Only one stretch of the data should be retyped: the lines from the line containing "PRE ORDER Mitch" through the line containing "eROOSY 4PCS Shovel". Keep pictures out of it.

BEGIN EXTRACTED ENTRIES

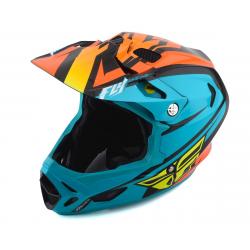 Fly Racing Werx Rival MIPS Helmet (Teal/Orange/Black) (XL) - 73-9208X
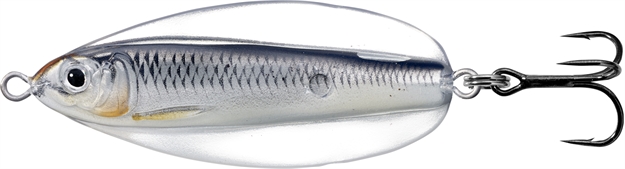 Picture of Livetarget Erratic Shiner- Casting Spoon, 2", 1/4Oz, Glow/Black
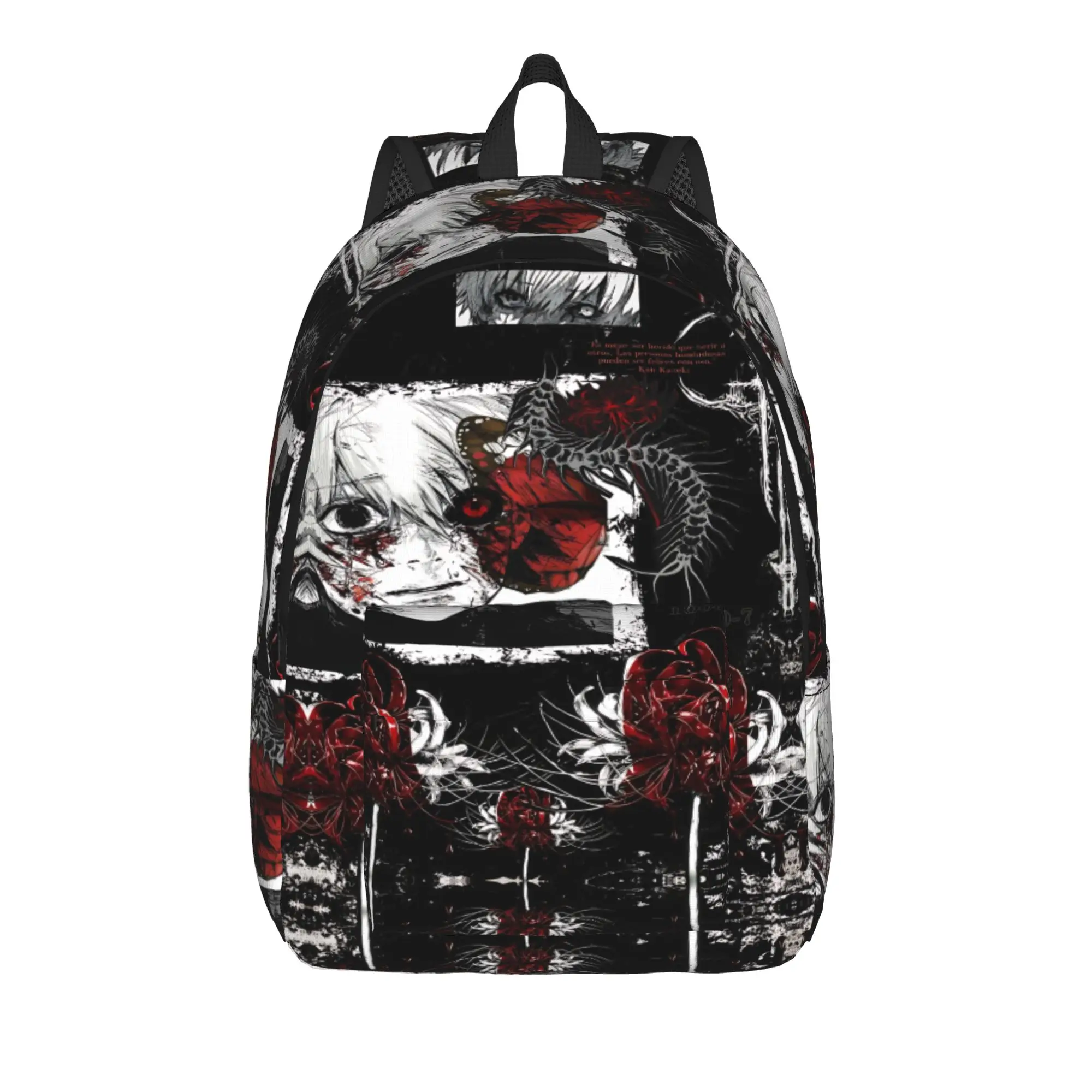 Fashion Halloween Tokyo Ghoul Kaneki Backpack  Mochilas High Street Camping Retro Washable Rucksack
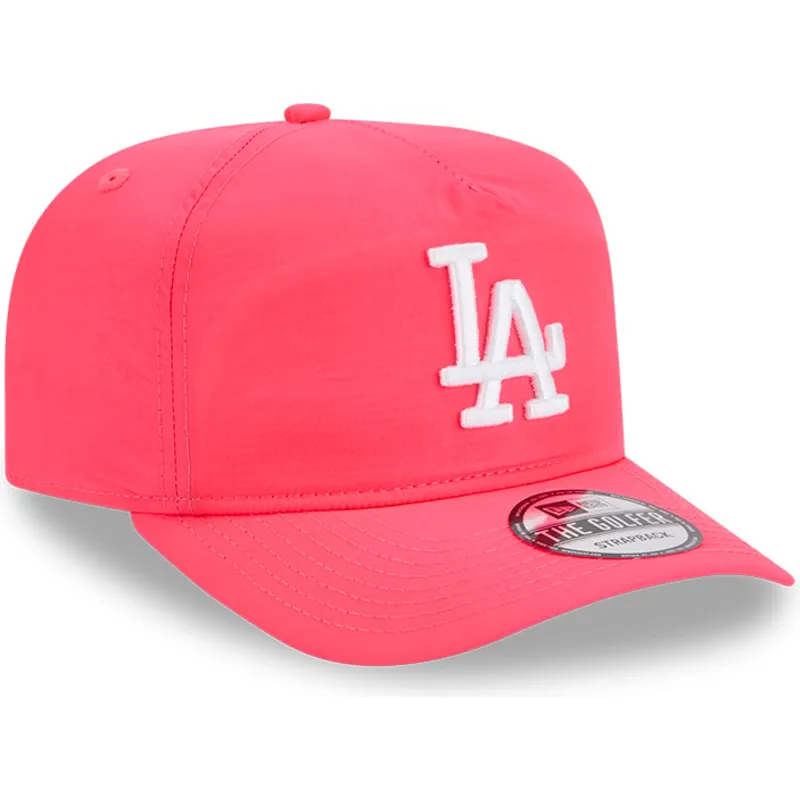 lyserod-justerbar-buet-kasket-golfer-everyday-nylon-fra-los-angeles-dodgers-mlb-fra-new-era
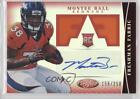 2013 Certified Freshman Fabric Mirror Red Signatures Montee Ball Rookie Auto RC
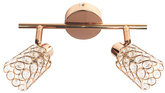 Applique lamelle 2xG9 laiton YORK 92-70104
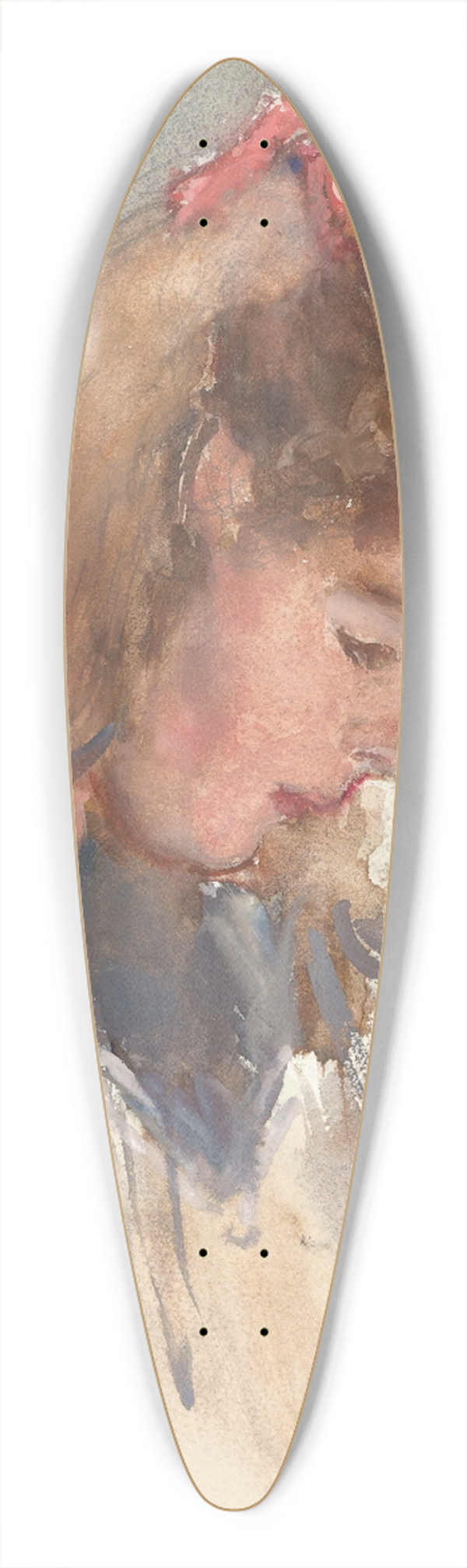 Barbara Elisabeth van Houten - Meisjesportret van Marietje van Houten 39.3 inch art pintail longboard deck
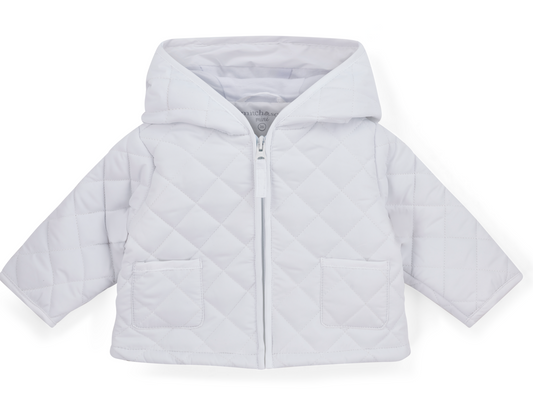 PRE ORDER Mitch & Son Mini White Quilted Jacket Zain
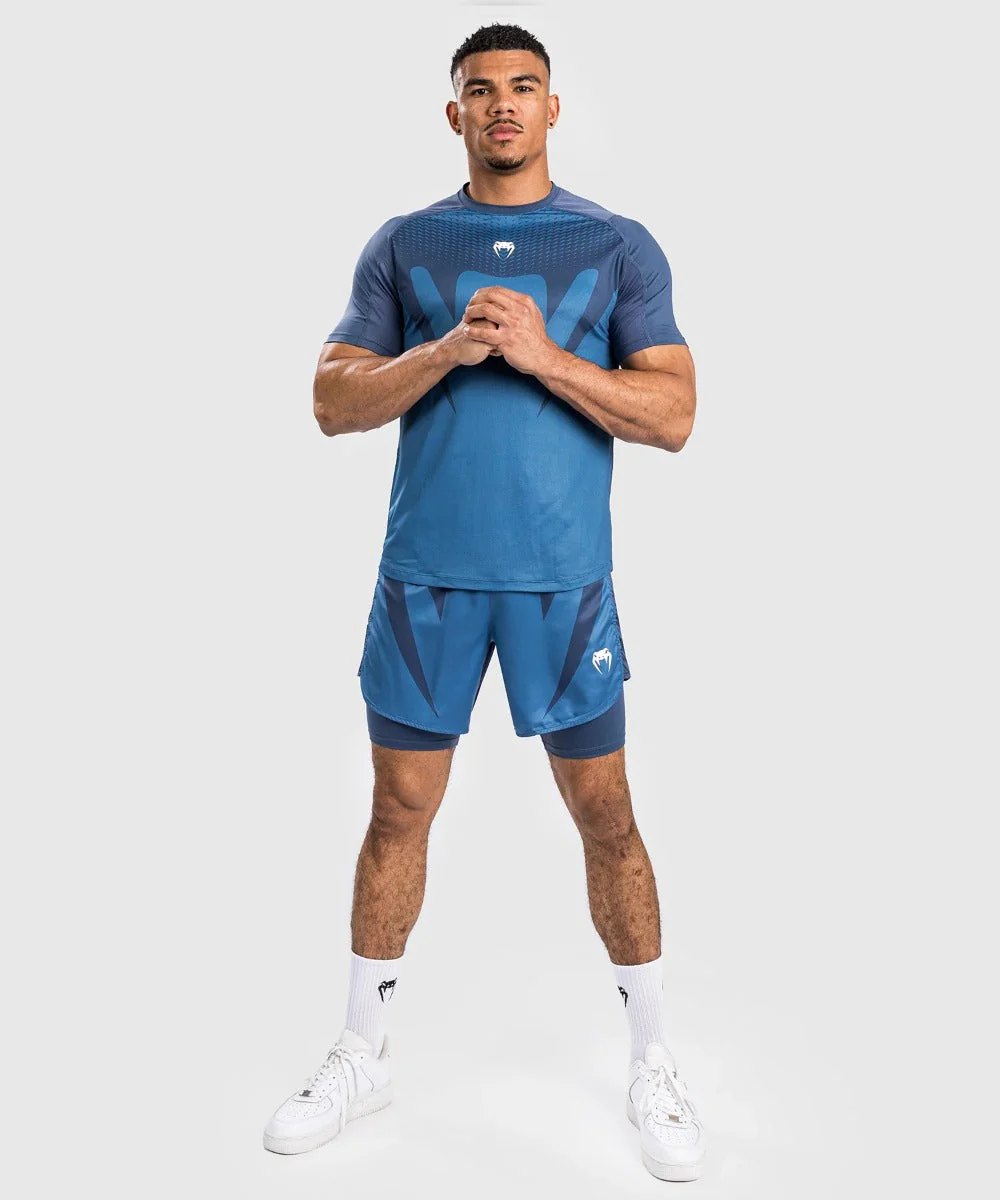 Venum Dry Tech T-shirt Attack Navy Blue - Image 2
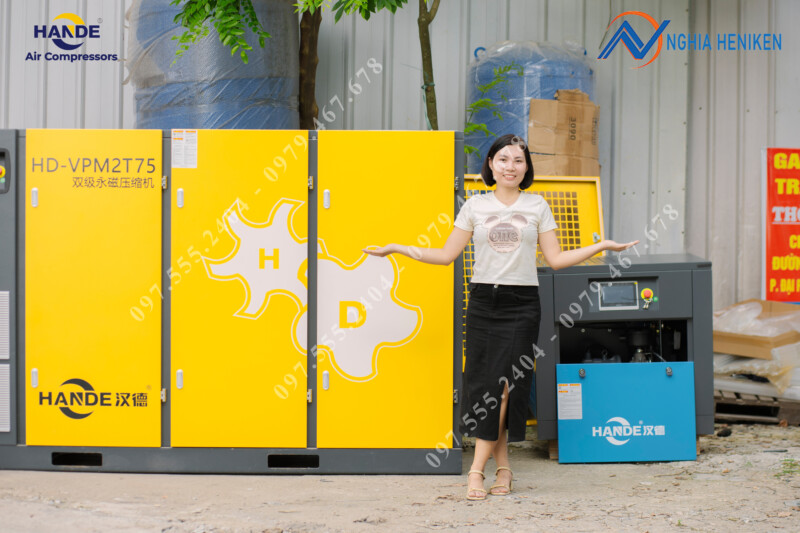 Máy nén khí trục vít biến tần 2 cấp VPM2T75 sử dụng trong các ngành công nghiệp lớn
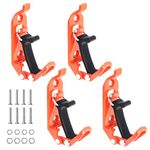 eROOSY 4PCS Shovel Holder Roof Rack, Shovel Holder Clamp, Shovel Mount for Roof Rack, Shovel and Axe Mount, Shovel Holder Roof Rack for Truck Car Boat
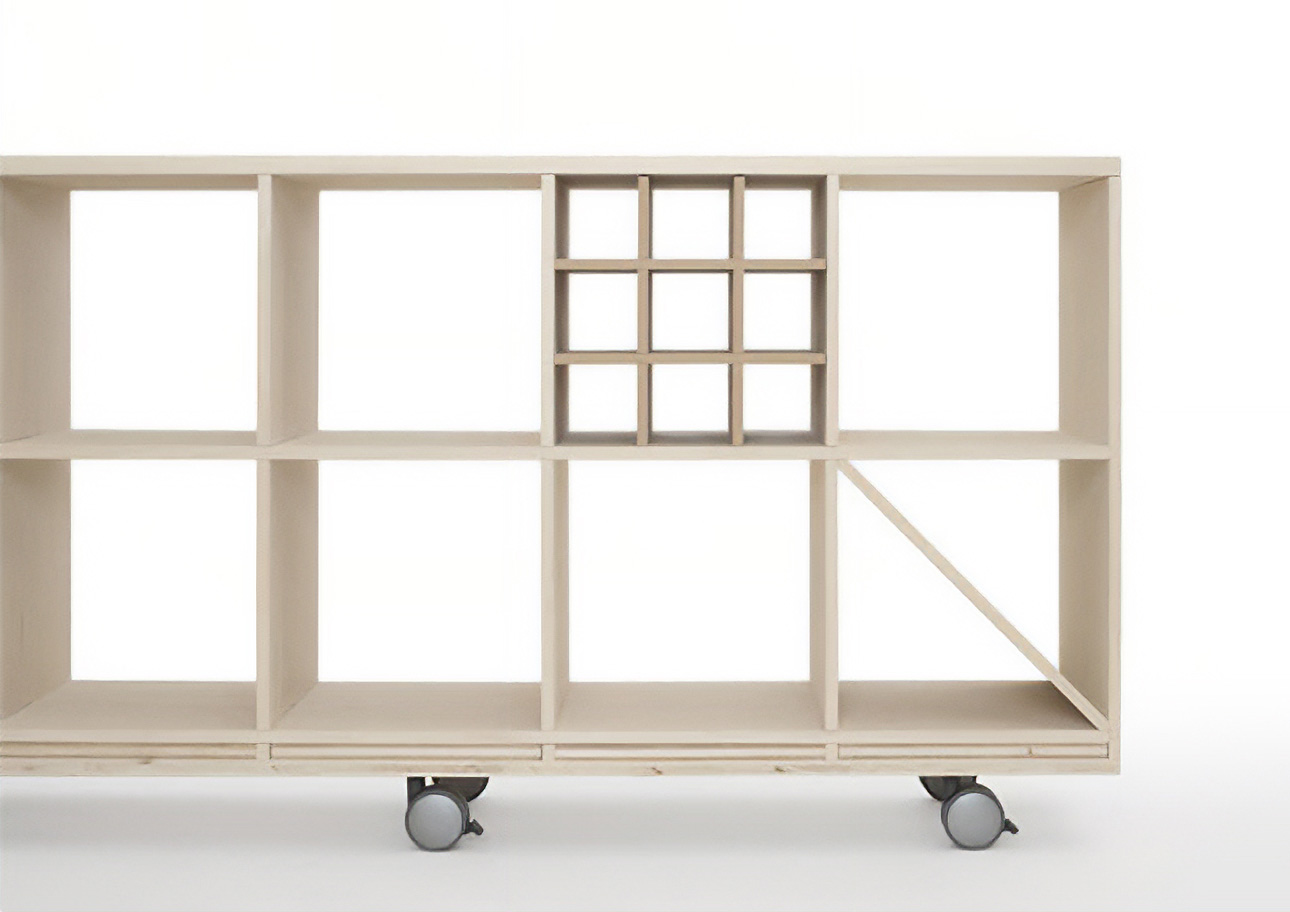 Shelf 仕切り板 3段×3列（本棚・奥行350専用）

END EXTRACTED ENTRIES

- [ANSWER FOR THIS EXERCISE]:
 PRE ORDER Mitch & Son Mini White Quilted Jacket Zain
 Venum Dry Tech T-shirt Attack Navy Blue - Image 2
 Máy nén khí trục vít biến tần 2 cấp VPM2T75 sử dụng trong các ngành công nghiệp lớn
 eROOSY 4PCS Shovel Holder Roof Rack, Shovel Holder Clamp, Shovel Mount for Roof Rack, Shovel and Axe Mount, Shovel Holder Roof Rack for Truck Car Boat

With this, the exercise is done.